Setidaknya, saya mendapatkan esensi nilai muflihun pada berbagai surah di dalam al Qur'an (mulai dari Surah Yunus, Surah al Ahkaf, surah al Qiyamah, surah a'basa, surah al Mursalat, surah al Insyiqaq, surah al Mujadilah, sampai surah al Insaan).

Nilai kualitas manusia yang sungguh sebagai ahsanit taqwim, sesempurna makhluk yang diberikan instrumen lengkap (think, instink, sense, and feel). Puncak muflihun atau keberuntungan manusia adalah menjadi insan kamil.

Tentu tak mudah mencapai kualifikasi sebagai muflihun itu, sama tak mudahnya mengharmonisasi sekaligus menyeimbangkan peran think, instink, sense, and feel dalam realitas kehidupan nyata (realitas) pertama. Selain mesti bergerak dari realitas pertama yang fisikal ke realitas kedua yang metafisikal. Khasnya dalam memahami dan menjalani kehidupan yang berada di antara intuitive reason - real reality - visionary way dalam menjalani hidup sesuai dengan cita-cita: unggul di dunia, unggul di akhirat, dan terbebas dari petaka (duniya hasanah, akhirati hasanah, wa qiina adzab an naar).

Kutipan QS al Mujadilah di awal catatan ringan ini, adalah gambaran umum dari hakikat muflihun, yang untuk mencapainya memerlukan proses panjang berliku. Karenanya, seringkali mereka yang diberi nama Muflihun oleh orang tuanya, tertempa sebagai pribadi dengan karakter yang berani hidup, cerdas, dan bersungguh-sungguh (pembelajar kerjas, pekerja tangkas, menerima hidup secara ikhlas - qana'ah, dan tuntas dalam mengemban amanah ).

Insinyur lulusan teknik sipil Institut Teknologi Bandung (IRB), ini memang pantas beroleh berkah muflihun dalam hidupan, mulai dari seorang dosen yang sungguh dosen (bukan sekadar mengajar atau berstatus dosen) sampai menjadi pengusaha berbasis keilmuannya.

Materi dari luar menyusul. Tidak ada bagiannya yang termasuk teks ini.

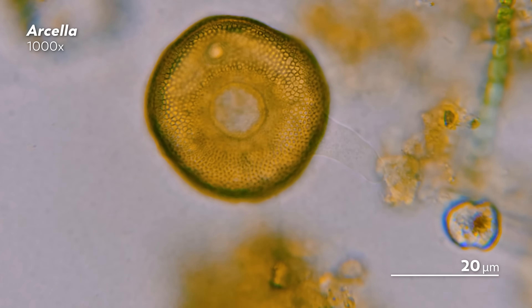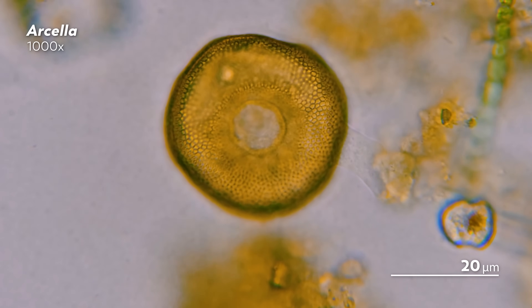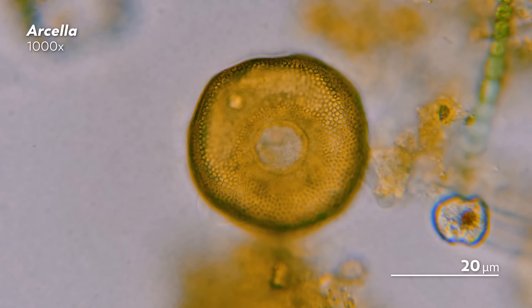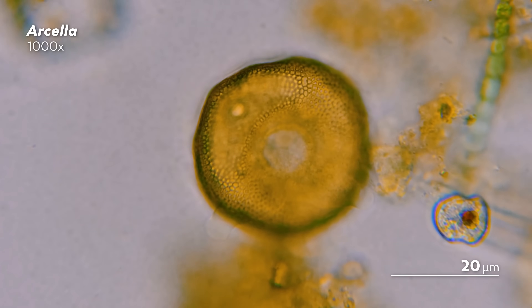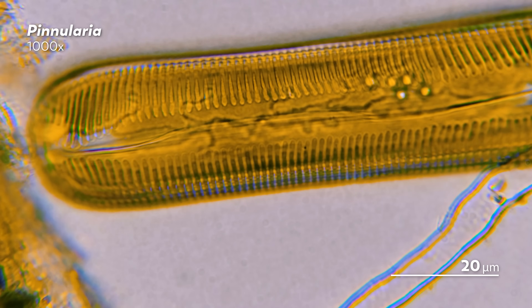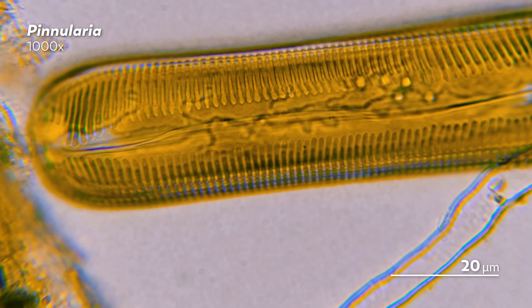We have a whole video explaining oil immersion and how it helps you see up close and personal with some of the most spectacular organisms. But one thing to know is that you need to be careful — not all objectives can work with oil immersion, and if you use the wrong one, you might actually ruin it. This technique relies on high magnification objectives, so you'll need to be careful not to move too quickly. If you're not careful, you can cause your objective to crash into the slide, which can break the slide, but also, more importantly, can damage the objective.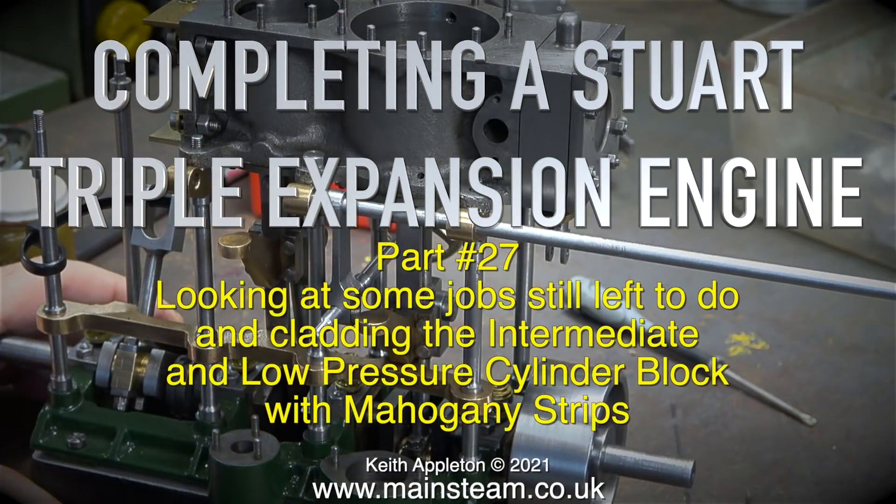Completing a Stuart triple expansion engine, this one is part 27, looking at some jobs still left to do and cladding the intermediate and low pressure cylinder block with mahogany strips.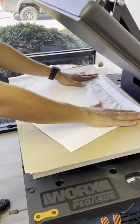Second side, same thing. Lay it down. Didn't even pre-press it. Pressing away.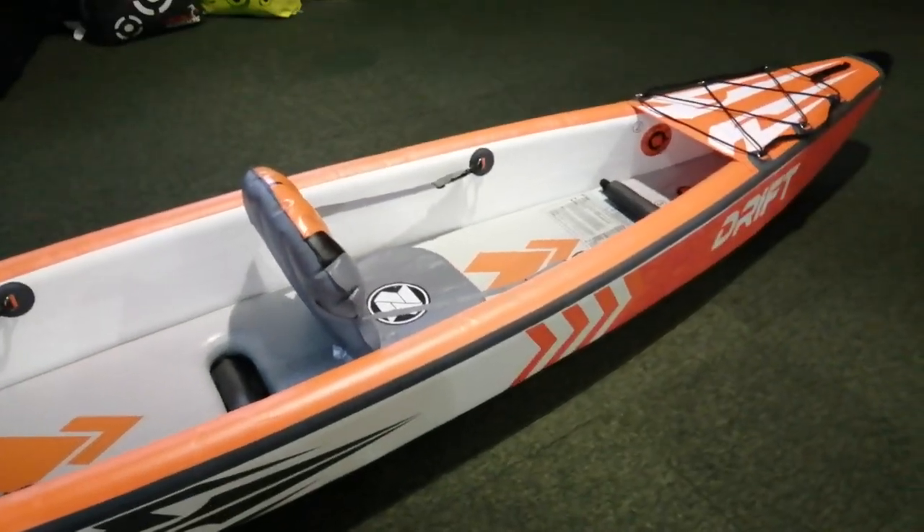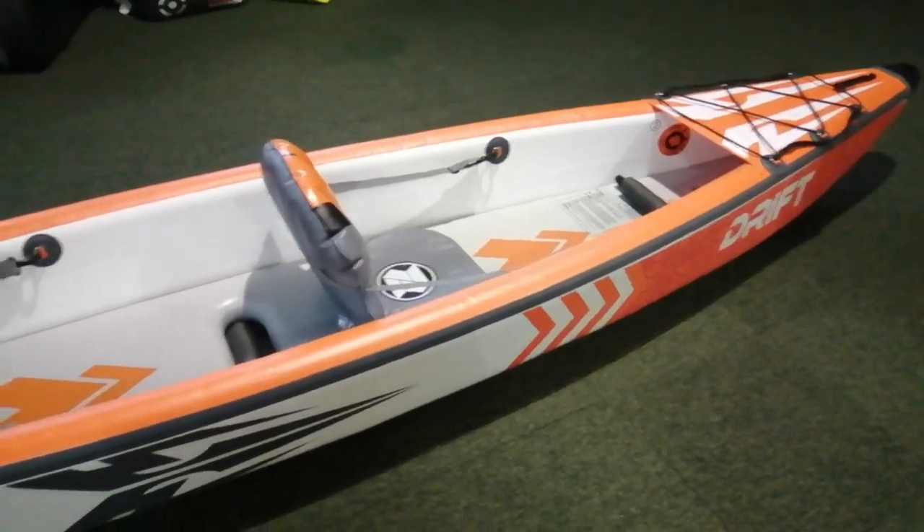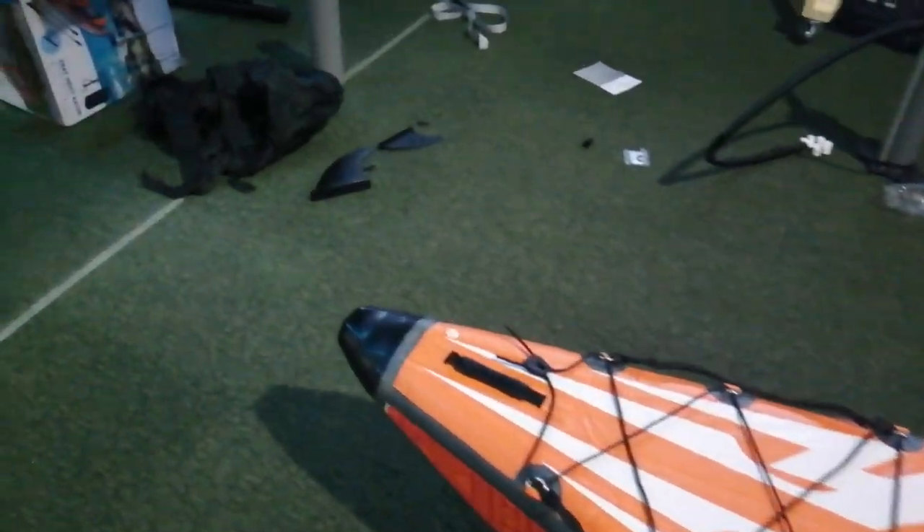Looks good on the wall — very, very pleased with it. I just can't wait to get out in the water. It does come with a couple of skegs: there's a front skeg and a larger rear skeg.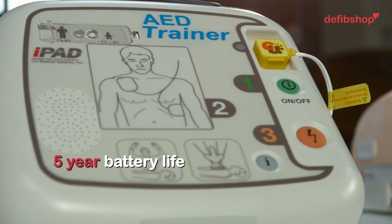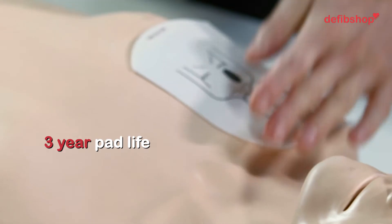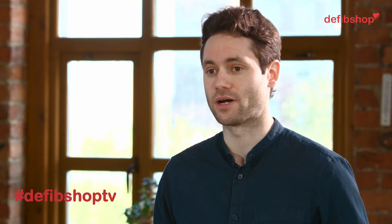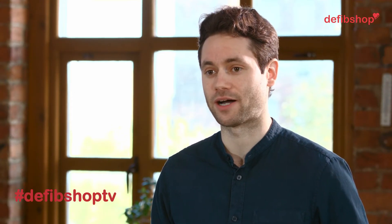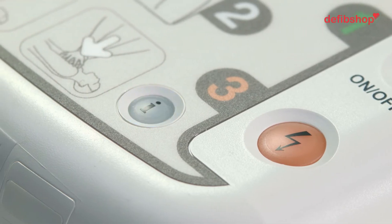It has a battery life of 5 years and the life of the electrode pads is 3 years. After this time, they'll need to be replaced. But don't worry, because Defib Shop will send you a reminder email before they expire. As with all pads, they can only be used once, which is why we recommend that you purchase a spare set with your defib.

Tentu dengan up and down, sehingga memahami betul realitas yang tersimpan dalam pesan ilahiyah di Surah al Insyirah: di balik kesulitan selalu ada inspirasi, selesaikan suatu pekerjaan dengan tuntas, dan lanjutkan dengan karya baru yang lebih bernilai, sampai kelak sungguh menjadi muflihun.

Lilik beroleh kemauan dan kemampuan untuk menyeimbangkan think, instink, sense, and feel (mungkin juga karena mixed and blended dengan Izza, istrinya, yang berlatar sastra). Hal itu tercermin dari beberapa karya puisinya yang pernah saya baca.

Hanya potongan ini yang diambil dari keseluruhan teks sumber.